Some years ago, cricket at all levels brought in a preamble which was titled The Spirit of Cricket. In essence, this was to instil in all players, young and old, a sense of playing hard but fair, and that to treat the Game of Cricket with the respect it deserves.
I do not believe that there is one fair-minded person in the world, who watches or plays the game of cricket, that would agree with what has happened this past weekend in this country 3rd Grade semi-final fixture. Surely, there is not one person who believes that if a person or persons within a ruling body were aware that a team under its jurisdiction was about to play a match with an allegedly unqualified player, which in turn meant that the result of the match would become null and void should this team win the match, that they would allow this match to proceed without informing that team of the situation. Surely, there is not one fair-minded person who believes that if a person or persons from a rival Club is aware that the team they are about to play in a semi-final match is possibly about to use a player who may possibly be ineligible, that they would not share that information with that team prior to the toss being taken.

There has been zero respect shown to the Kiama Cricket Club, and in particular its 3rd Grade Gold cricket team, in this matter. An oversight on a website team list is now said to have cost them their season. Had this all been discovered the following day, when nothing could be done to change it, then this still would have been a terrible miscarriage of justice for this team. However, when it is discovered that this whole bad taste saga could have been avoided before it began, had someone - ANYONE - who knew of this situation before the match commenced come forward and made it be known, then all of this could have been avoided.
How much dignity and respect are you willing to lose in order to win at all costs? Is it worth being branded as poor losers, and have that stigma attached to you for years to come, just to have a chance to win a 3rd Grade premiership in country NSW cricket?
How much dignity and respect are you willing to lose in allowing a Club under your authority to mistakenly play a player who was allegedly ineligible?
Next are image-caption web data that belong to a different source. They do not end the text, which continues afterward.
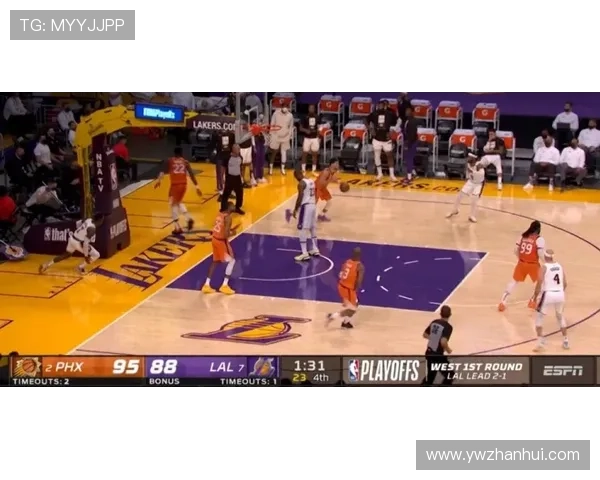 詹姆斯谈湖人新赛季目标力争总冠军,浓眉称会更具侵略性 詹姆斯谈湖人新赛季目标力争总冠军,浓眉称会更具侵略性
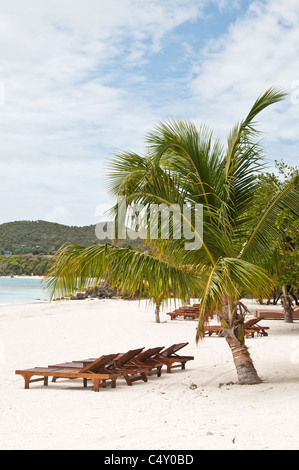 Chaises de plage et parasols au Canouan Estate Resort & Villas à Carenage Bay, île de Canouan, Saint-Vincent-et-les Grenadines. Banque D'Images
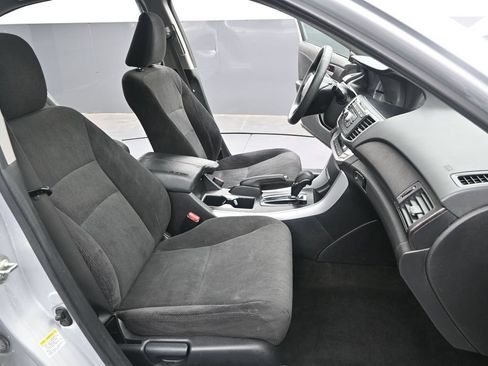 Used 2013 Honda Accord EX image 24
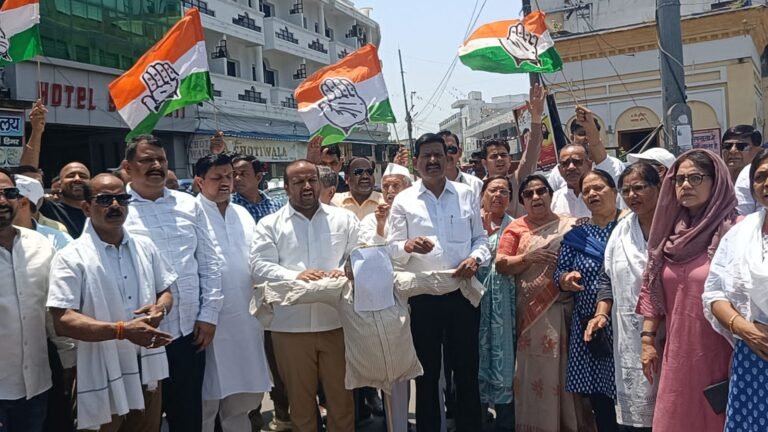 पेट्रोल डीजल के दाम बढ़ाए जाने के विरोध में महानगर कांग्रेस ने फूंका सरकार का पुतला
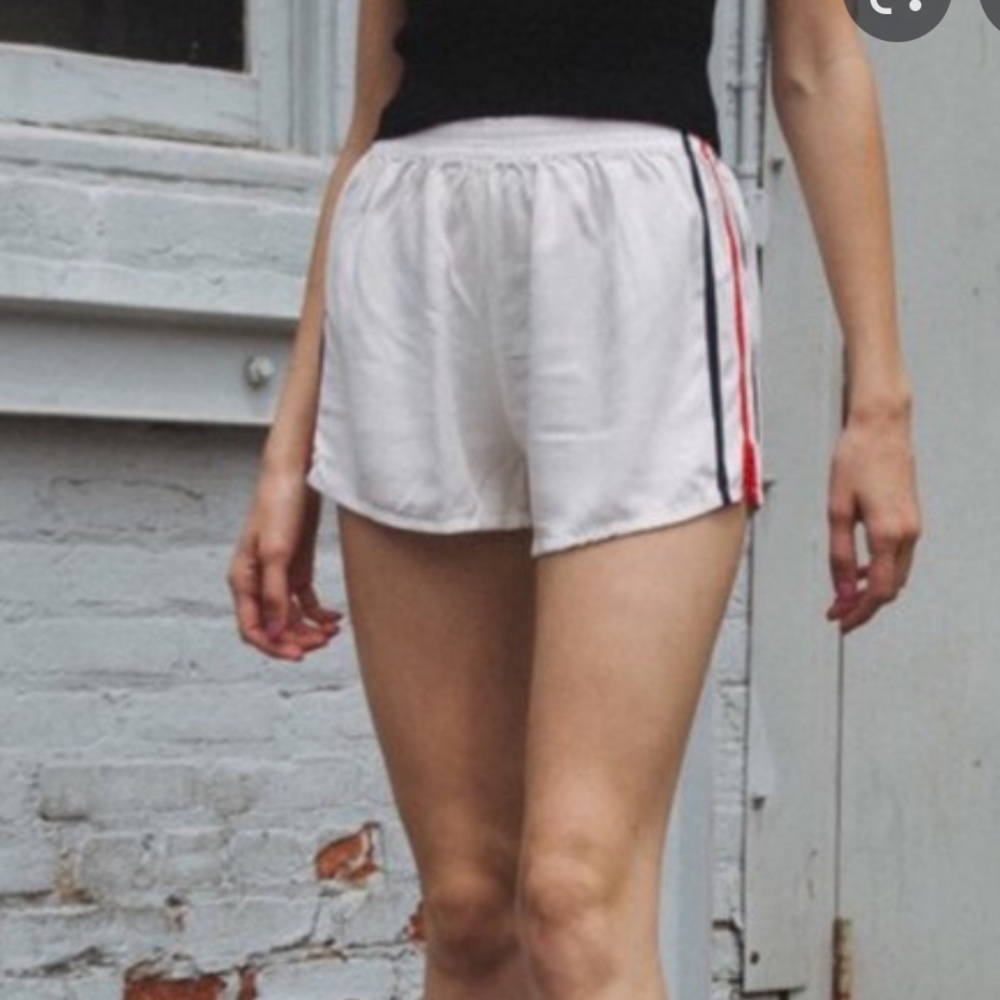 Brandy Melville Matilda Shorts White Navy Red Stripe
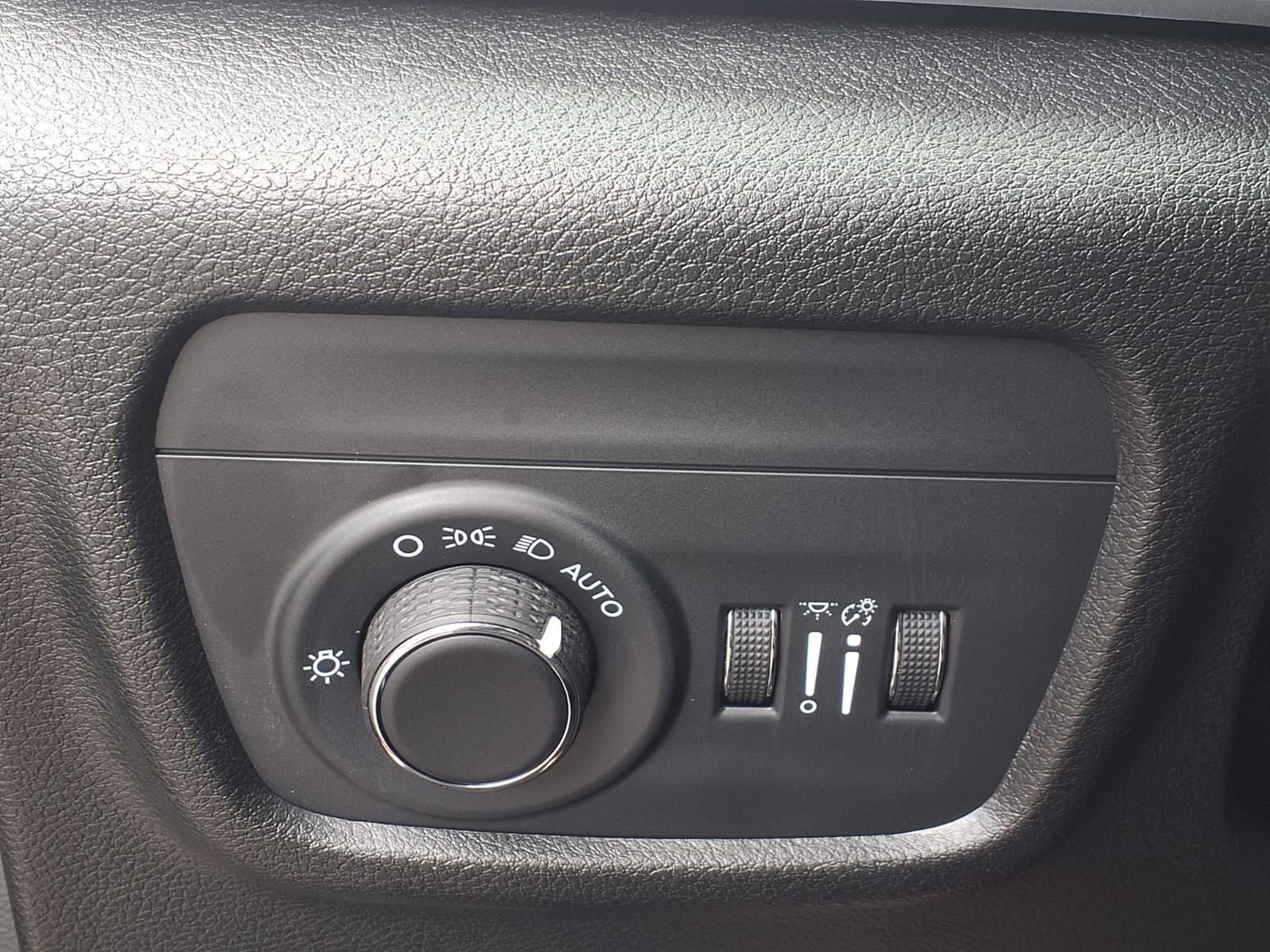 Used 2025 Jeep Grand Cherokee Altitude RWD image 11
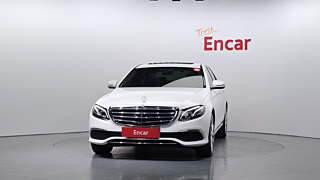 MERCEDES BENZ E-CLASS W213 2020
What kind of authority would ever do that, apart from one who perhaps felt vindictive against that Club, and took pleasure in seeing it have to go through this agony? What other reason would any organisation, with the knowledge they had before the event occurred, allow this game to commence under these circumstances.

At a time when it is increasingly difficult to encourage kids to play cricket when they have so many other pursuits to choose from, and to encourage adults to give up their entire Saturday to coaching and playing cricket, it is incidents like this that cruels that even further. No good at all has come from this incident. Not for the Kiama Cricket Club, who will lose disgruntled players who have sworn never to play a game of cricket under the current District board. Not for the juniors who played in that match, believing that they had made a Grade final on their own merits, but had it ripped away from them. Not for the Oak Flats Cricket Club, whose spirit of fair play has come into serious question. And certainly not for the District body, which must now live with the consequences of all of the actions that have occurred.